Recently, we were looking at ways to determine the usage of resources (in this case laptop and desktop devices) to provide insights toward utilization. Often, we take an educated guess at how many computers are needed in a classroom or cart of laptops based on class size. This is a decent indicator and ensures there is a device for each student. Inevitably, a "we need more ________" comes along and we wonder if the way devices are deployed are used in the most efficient manner. For example, how often are all twenty-four machines in a room used? Is there really enough usage to warrant moving five devices into a room? There are tools we can use via the command line (last) on macOS to see login information, but it isn't always the most indicative. Plus, how do we parse the information? For many years, I've setup login/logout hooks to record information. At one time this was the username and date and time. Later, IP address information was added. Later, we wanted to track when a user logged in and when a user logged out. Eventually, this turned into data looking like this:

LOGIN,admin,Tue Oct 10 19:48:17 CDT 2017, 192.168.2.194
LOGOUT,admin,Tue Oct 10 20:38:04 CDT 2017, 192.168.2.192

This told us our admin user logged in for about 50 minutes and sometime during that time period there was a DHCP lease renewal. Mainly, the IP was used for internal tracking. With ARD, we could send a UNIX command, retrieve the files on machines (that were online) work with them and return back a CSV where the number of logins could be pulled and graphed via Excel. If we ever needed to track a user, we could tail the log file, grep for "admin" and see where the account logged in. The problem is these are all metrics we need to retrieve and format. There had to be a better way. At Penn State Mac Admins this past year, I did a presentation on the Elastic Stack for monitoring systems via syslog and sending in log files from various sources. Suddenly two lightbulbs went off in my head:

  • We process access point connections by running commands against our Cisco Wireless Controller and format the results as a CSV (this means there is an example to process a CSV)
  • We use filebeat to send plaintext logs to logstash (this means there is an example of processing a log file)
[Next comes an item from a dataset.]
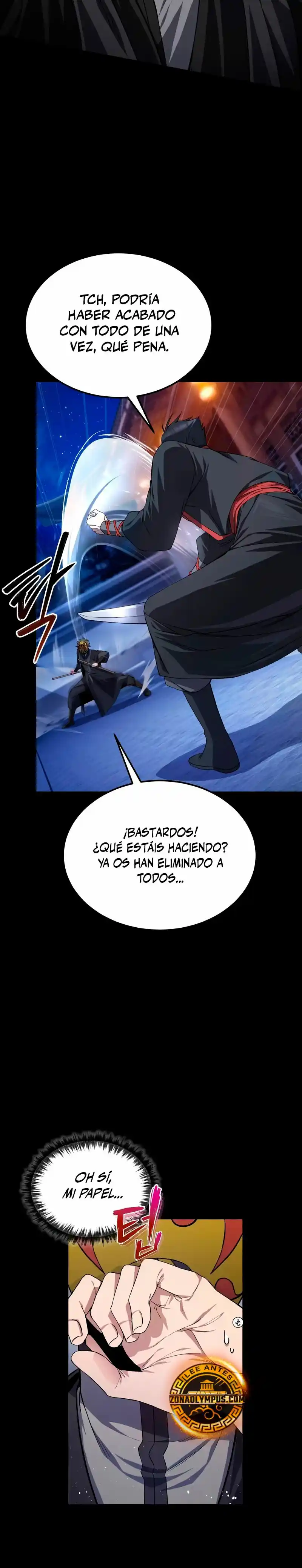 Maestro Baek El Instructor Estrella capítulo 101 página 48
With that in mind, I started looking at installing filebeat (and a corresponding LaunchDaemon) to process the file containing our login info. Next, I'd need to create a filter in logstash to map the items in the CSV into fields. After that, we need to make the @timestamp of the event be the date and time the login occurred. This will be more accurate for searching and reflect actual login time instead of when logstash receives the event. Lastly, explore some data to make dashboards and better visualizations.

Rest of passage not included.